Neither of Watson’s Thursday playing partners was born 32 years ago, when Watson dropped Nicklaus by a stroke in arguably the greatest major championship ever played. But Sergio Garcia (70) appreciated Watson’s performance.

“The quality of the shots he hit was awesome to watch,” the 29-year-old Spaniard said.

Perhaps the most stunning feature of Watson’s 5-under effort on the 7,204-yard layout was just how seemingly easily it was accomplished. Sure, there was hardly a wisp of wind to defend the Ailsa Course, but Watson hit all but two fairways and found 15 greens in regulation during his bogey-free stroll.

“I think there was some spirituality out there today. Just the serenity of it was pretty neat,” Watson said. “I feel inspired playing here.”

Golf’s other “TW” lacked that inspiration. World No. 1 Tiger Woods sagged to a first-round 71 defined by repeated adventures in Turnberry’s wicked rough.

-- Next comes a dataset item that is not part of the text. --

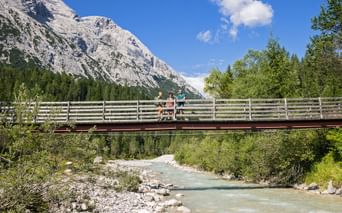 To vandrere på en træbro over en turkis bjergbæk, med klippefyldt Zugspitze-top og grøn skov i baggrunden.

“Well, I hit a couple of shots to the right and [three-putted] a hole from about 15 feet, and I didn’t take advantage of the [par-5] 17th. So there you have it,” said Woods, who hit just eight fairways. “I made a few mistakes. Hopefully tomorrow I can play a little better, clean it up and get myself headed in the right direction.”

Woods fought every aspect of his game. He repeatedly missed right off the tee, even losing a 4-iron into the deep rough at the 14th. Disconcerting in its inconsistency, he then missed a handful of approaches left. And he failed to find his feel on the greens, routinely playing too much break and missing high from the 15-foot range.

Although two victories in his past three starts answered all questions concerning his rebuilt left knee, Woods hasn’t looked himself in the first two majors this season, struggling early and fading at the tape to tie for sixth at both the Masters and U.S. Open.

Between his staggering start on a perfect scoring day and the absence of swing instructor Hank Haney (who didn’t accompany his man to a major for the first time), Woods now faces a brutal climb back into contention from behind 67 players.